When programming in any language there are certain common errors that everyone makes as they mature and evolve their programming skills. In the case of PHP, I’ve seen a lot of ugly and complicated code around, since the language is very permissive.
To have a good and healthy PHP code base so it won’t resemble the unmanageable cabling mess in the picture above, your project needs to have the following:
no spaghetti code
code reuse (avoid code repetition)
avoid complicated nested loops
Encapsulation (organize code in classes)
Clean user I/O
Code Documentation
Consistent code conventions
Tests
Luckily there are some tools that can help us address most of these problems and give us a diagnostic of our project’s code health.
Documenting your code
PHP Documentor: Documenting code with PHP Documentor is very simple and easy. You just need to follow a very simple markup before your functions and classes and the tool will generate all the developer documentation for you. It’s also very handy when adding new people to your project or inheriting someone else’s work. Just by seeing the documentation comments in the code you can understand what a given function does, what each of its parameters need to be and what it returns. You can also expand the documentation to add use cases and even unit tests!
Code consistency
PHP Code Sniffer: A tool that analyses the syntax of your project’s code based on a PHP syntax standard. Known standards like PEAR or Zend syntax styles are included by default but you can also customize and define our own team’s style.
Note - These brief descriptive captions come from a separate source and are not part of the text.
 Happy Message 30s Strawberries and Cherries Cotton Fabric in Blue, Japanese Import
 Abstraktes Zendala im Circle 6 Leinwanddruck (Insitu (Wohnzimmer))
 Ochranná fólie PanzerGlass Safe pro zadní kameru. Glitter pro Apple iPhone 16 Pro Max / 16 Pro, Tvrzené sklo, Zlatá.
PHP Depend Analyzes the code for common issues and potential optimizations. Some examples of those are:
if your function is too long
if your function has too many parameters
variable names too long or too short
too many nested cycles
use of eval()
name convention consistency
unused methods or variables
PHP Mess detector: A fork of PHPDepend with a friendlier UI and configuration options
PHPCPD (Copy/Paste Detector): A tool that will detect copy/pasted code across your project that can be reused.
Testing
Unit testing
PHP Unit and Simpletest: Unit testing has been very useful in my experience on recent projects where I’ve been allowed to implement it. On personal project I always tend to do unit testing before layout out all my code. It might take more time to develop your project at the beginning but it will save you tons of time debugging and tracing back errors when you think you’re done programming.
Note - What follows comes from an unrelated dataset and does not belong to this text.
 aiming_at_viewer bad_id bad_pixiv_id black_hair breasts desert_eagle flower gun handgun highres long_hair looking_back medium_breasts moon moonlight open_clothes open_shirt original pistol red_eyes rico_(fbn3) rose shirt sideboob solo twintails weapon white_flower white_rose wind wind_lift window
If you’re using Ubuntu and have problems running PHPUnit, here’s a post about how to solve the problem.
Here’s a quick guide on how to start using Simpletest.
Integration Testing (browser emulation)
Mink and Behat are the tools you’ll need to do browser emulation to test your interfaces and how it’s all put together and interacting for the user.
Put it all together with Phing
Phing is a tool like GNU Make or Apache Ant but it’s in PHP and extensible via PHP classes. You can put all of these tools together with Phing, so you can automate all the checking, testing and even deployment and cleanup of files or databases.
With these tools you can have a very robust quality assurance workflow on your project. Of course, this doesn’t mean that there’s not going to be any bugs or that your project will have the best code, but at least it will reduce very common problems, will increase code maintainability and help you spot problems easier. The transitions from adding or removing people from the project (like in large teams or dynamic organizations) will be smoother, as well. Also those transitions will be even smoother if you consider using an established web framework for your project instead of writing your own.